OZ Minerals’ shares look like ending the week above $4, and off the back of a sharp dip under that level during the week, after Tuesday’s AGM. The shares ended at $4.05 yesterday, compared with a $4.06 close last Friday.
Investors took the opportunity at the AGM to get a lot of angst off their chests, especially about the consistent fall in the share price in the past year. The shares hit a low of $3.82 this week and a year ago were trading at $9.02. $3.82 is the lowest the shares have been for more than three years.
But they have rebounded from that low and are now up around 5%, which is some encouragement.
Much of the fall has come in the past three months as falling copper and gold prices and rising production costs at its Prominent Hill operation in South Australia have crimped profit margins. In fact OZ Minerals barely broke even in the March quarter and investors were left to ponder that the production outlook was downgraded as well.
OZL YTD – Shares steadying?
”Like most resource companies we are trading at a very significant discount to our fundamental value: be that our NTA [net tangible assets] or any net present value calculation,” chairman Neil Hamilton told the AGM.
”I can’t tell you why such a discount is justified. It is industry-wide … perhaps the discount is greater because of where we find ourselves in this life-of-mine program and because we are going through this period of tough cash flow.
"We have indicated that we expect copper production to be lower at the level of 82 to 88 thousand tonnes of copper in 2013, impacted by operational issues and logistical challenges within the pit.
"As I said, it was always the case that we would have this challenge of moving significant volumes of waste in these years, but it is an investment that will enable us to achieve strong future production from the Prominent Hill mine.
"From 2014 onwards we begin to see the benefit of this waste movement campaign as the strip ratio decreases and there is increased access to ore in the subsequent stages of the open pit, enabling strengthening cash flows in subsequent years.
"We entered this phase of the mine plan with a strong balance sheet, significant cash reserves and no debt.
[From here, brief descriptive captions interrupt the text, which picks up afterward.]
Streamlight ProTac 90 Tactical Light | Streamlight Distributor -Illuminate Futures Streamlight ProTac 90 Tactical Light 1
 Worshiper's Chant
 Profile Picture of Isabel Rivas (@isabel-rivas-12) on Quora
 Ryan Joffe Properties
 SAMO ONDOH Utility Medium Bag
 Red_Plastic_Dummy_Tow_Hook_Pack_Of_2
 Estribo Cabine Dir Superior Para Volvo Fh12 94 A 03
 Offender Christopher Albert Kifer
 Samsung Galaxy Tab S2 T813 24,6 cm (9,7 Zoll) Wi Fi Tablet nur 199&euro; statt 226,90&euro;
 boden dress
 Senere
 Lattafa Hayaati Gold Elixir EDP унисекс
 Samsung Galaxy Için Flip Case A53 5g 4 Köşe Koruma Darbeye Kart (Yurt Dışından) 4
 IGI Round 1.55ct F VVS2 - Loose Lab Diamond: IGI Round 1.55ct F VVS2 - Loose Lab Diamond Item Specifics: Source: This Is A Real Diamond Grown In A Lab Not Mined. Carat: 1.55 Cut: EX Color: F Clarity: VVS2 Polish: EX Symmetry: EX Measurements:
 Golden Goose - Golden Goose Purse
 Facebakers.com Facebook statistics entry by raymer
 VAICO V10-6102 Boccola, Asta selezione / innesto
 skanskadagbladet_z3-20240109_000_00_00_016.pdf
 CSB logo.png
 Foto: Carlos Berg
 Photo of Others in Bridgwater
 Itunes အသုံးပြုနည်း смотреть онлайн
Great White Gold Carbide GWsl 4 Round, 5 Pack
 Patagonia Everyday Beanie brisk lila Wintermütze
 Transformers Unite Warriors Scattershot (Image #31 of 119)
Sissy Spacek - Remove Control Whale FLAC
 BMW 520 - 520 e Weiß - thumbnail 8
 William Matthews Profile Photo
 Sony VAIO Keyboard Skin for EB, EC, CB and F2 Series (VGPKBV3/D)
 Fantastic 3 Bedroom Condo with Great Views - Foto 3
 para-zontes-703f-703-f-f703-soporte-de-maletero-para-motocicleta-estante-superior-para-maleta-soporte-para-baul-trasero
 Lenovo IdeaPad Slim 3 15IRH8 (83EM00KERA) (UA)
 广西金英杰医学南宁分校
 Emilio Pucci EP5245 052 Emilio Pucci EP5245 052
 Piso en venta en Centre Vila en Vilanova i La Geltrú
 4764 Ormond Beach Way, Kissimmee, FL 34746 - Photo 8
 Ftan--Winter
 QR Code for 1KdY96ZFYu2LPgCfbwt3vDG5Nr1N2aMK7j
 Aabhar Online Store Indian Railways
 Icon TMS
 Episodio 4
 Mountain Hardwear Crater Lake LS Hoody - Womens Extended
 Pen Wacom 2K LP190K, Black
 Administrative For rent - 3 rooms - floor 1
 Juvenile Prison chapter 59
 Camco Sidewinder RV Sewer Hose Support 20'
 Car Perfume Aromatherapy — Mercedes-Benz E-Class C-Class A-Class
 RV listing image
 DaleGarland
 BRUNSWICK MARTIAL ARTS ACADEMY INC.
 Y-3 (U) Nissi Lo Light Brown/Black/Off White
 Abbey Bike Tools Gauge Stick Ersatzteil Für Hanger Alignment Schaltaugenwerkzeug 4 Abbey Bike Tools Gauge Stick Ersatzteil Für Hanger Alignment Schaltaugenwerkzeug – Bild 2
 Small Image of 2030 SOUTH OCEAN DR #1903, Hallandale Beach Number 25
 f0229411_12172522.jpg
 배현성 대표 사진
As a result of the cost of these significant material movements there was limited cash surplus generation in 2012 and we expect a decrease in cash resources through 2013.
"In 2012 we paid dividends of nearly $125 million out of our operating profit in accordance with our stated dividend policy of returning 30 to 60% of normal operating profits. We also completed an on- market share buy-back which had commenced in 2011. Our financial position remains strong," he said.
Some shareholders grumbled about the two buybacks conducted over the past two years at $10.51 and $9.18 a share. But that is hindsight management and those shareholders who sold into the buyback are no doubt not as upset as those who didn’t.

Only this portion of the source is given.